Okay … First – in my humble opinion – if
you don't know what you want to write about, you're not ready to become a
writer, let alone an author.
Writing is an intensely personal experience. If you're going to connect with a reader in any kind of meaningful way, what you
write has to come from the heart – your heart, not someone else's. I can't tell you what your book should be about any more than I could have told Picasso what to paint.
It's easy these days to do a little research and find out what types of books are hot commodities among readers. So, all you have to do is check the bestseller lists, write your own book on the current hot topic (vampire love, zombie apocalypse, erotic romance) and – Presto! People will flock to buy your book too. Right?
Wrong.
Unless you're an avid reader of this kind of book yourself, unless this is the kind of book you already are dying to write, you've probably doomed yourself to failure.
My Portals fantasy/detective series, for example, started because I had this character in my head … He happened to be an elf, and he happened to be a police detective. And at that point, I had to figure out what kind of book I needed to write to accommodate him.

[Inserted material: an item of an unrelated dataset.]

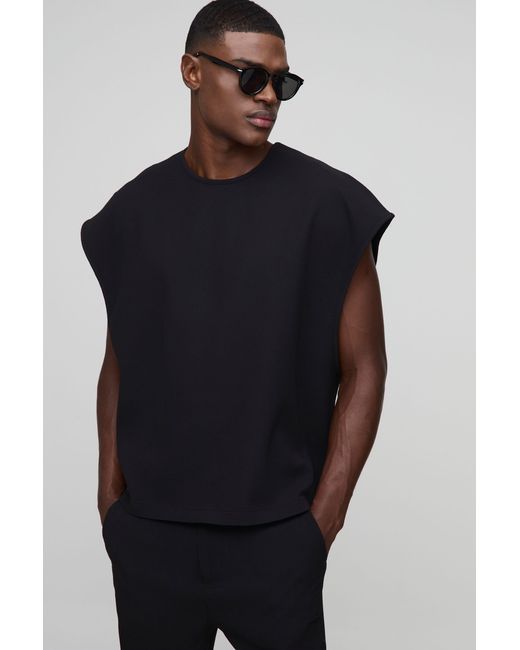 BoohooMAN Blue Oversized Boxy Pleated Cap Sleeve Tank for men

But my “what kind of book” questions weren't about what is, or isn't, selling. They were about the kind of books – and movies and TV shows, for that matter – that I enjoy reading and watching. The Portals books blend a lifelong love of folklore, mythology and fantasy with decades of reading crime novels, plus more recent fascination with the CSI shows on TV.
In fact, my original plans were for the book series to be a bit heavier on forensics – another interest of mine. But that idea was short-circuited when Tevis (the elf detective who started this whole thing) showed that he could See how someone died just by laying hands on the victim …

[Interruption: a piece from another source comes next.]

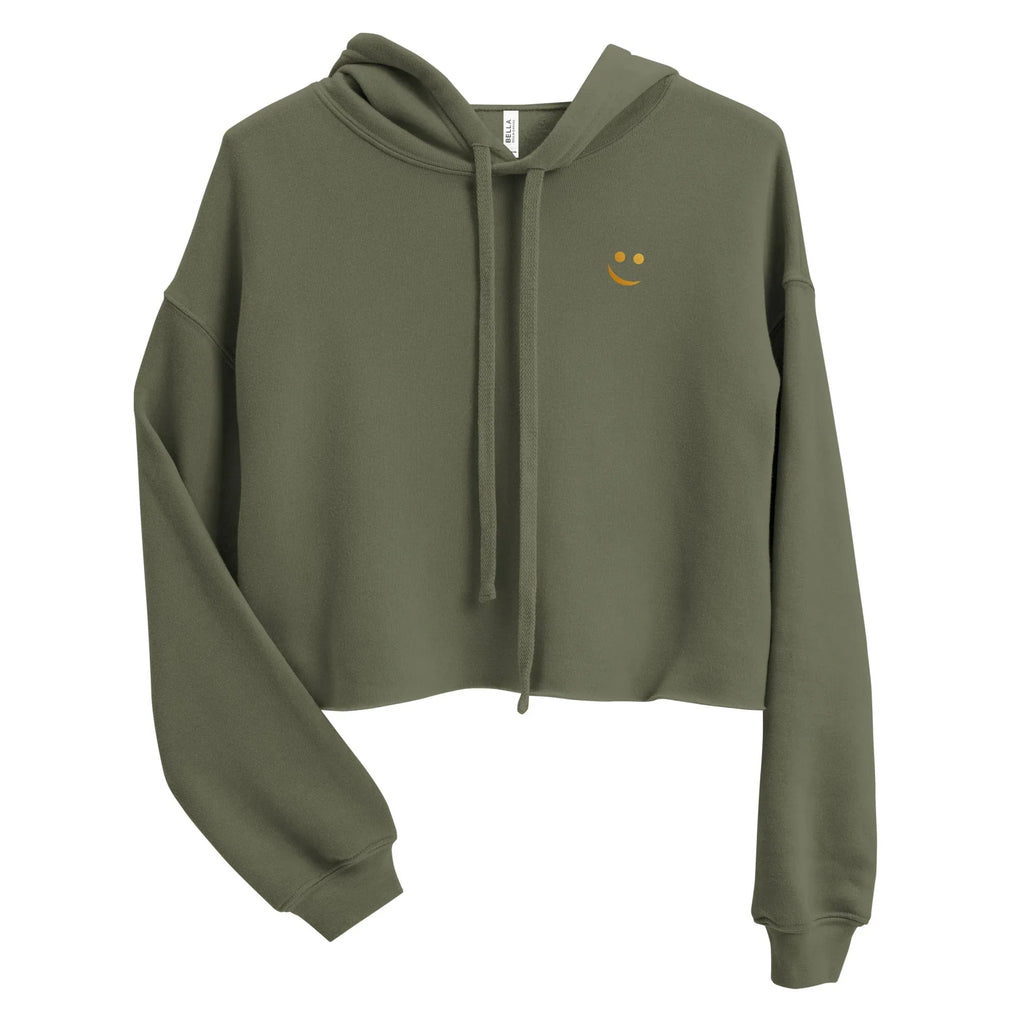 RS | Crop Hoodie Crop Hoodie AwRans Clothing womens-cropped-hoodie-military-green-front-65a97526580df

But the books are an outgrowth, and a reflection, of my personal interests, my reading (and movie and TV) tastes. For better or worse, they come from my heart.
All the books that I've read and truly enjoyed have started that way. I can't imagine, for example, JRR Tolkien doing market research before sitting down to write Lord of the Rings. (If he had, in fact, those books might never have been written.) Nor can I envision Hemingway asking around before embarking on such classics as The Sun Also Rises or
For Whom the Bell Tolls.
It's hard – pretty much impossible – to write about something that doesn't already interest you. Trust me … Readers know the difference between a writer who's actively engaged in the book, a writer who is passionate about her characters and storyline, and one who isn't.
Writers of fiction continue the ancient art of story-telling. It's just that we set into words the kinds of tales that our ancestors told around campfires in the evenings. And if you, the writer, aren't passionate about the story you're telling, why should I be as a reader? The question isn't “What kind of book should I write?” but …
“What's the story that I want to tell?”